Input data =
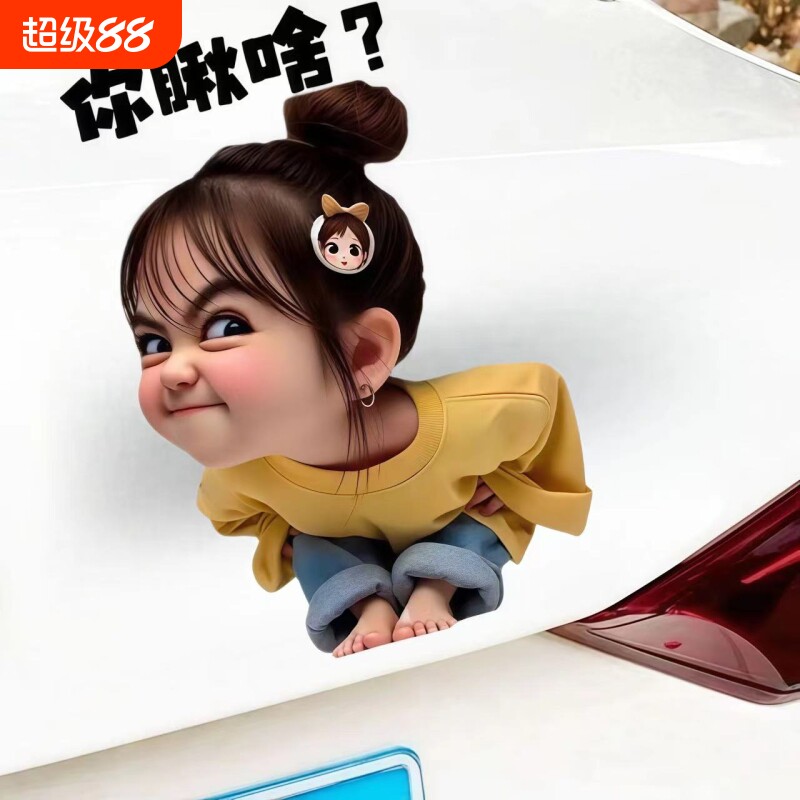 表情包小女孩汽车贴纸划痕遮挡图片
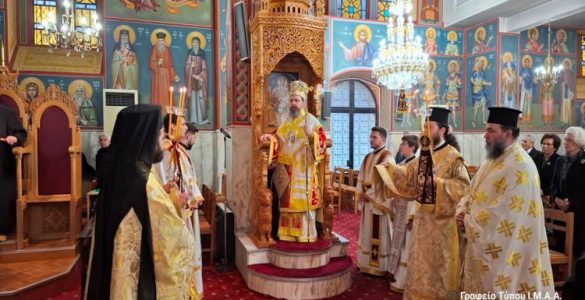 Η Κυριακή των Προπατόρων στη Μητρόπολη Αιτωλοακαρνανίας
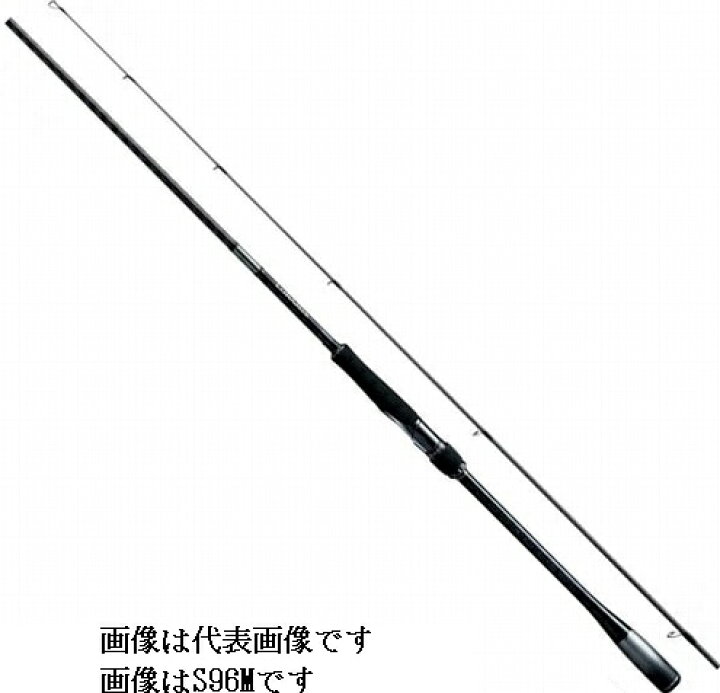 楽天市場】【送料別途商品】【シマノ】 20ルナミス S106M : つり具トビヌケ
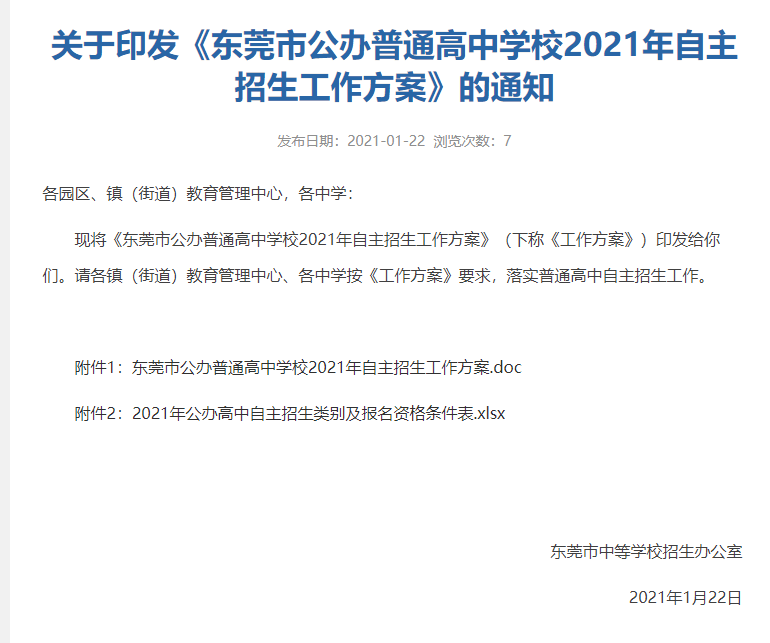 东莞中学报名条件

Task description =
Reproduce the data exactly as it appears above. Pictures are to be left out.

Your response =
 表情包小女孩汽车贴纸划痕遮挡图片
 Η Κυριακή των Προπατόρων στη Μητρόπολη Αιτωλοακαρνανίας
 楽天市場】【送料別途商品】【シマノ】 20ルナミス S106M : つり具トビヌケ
 东莞中学报名条件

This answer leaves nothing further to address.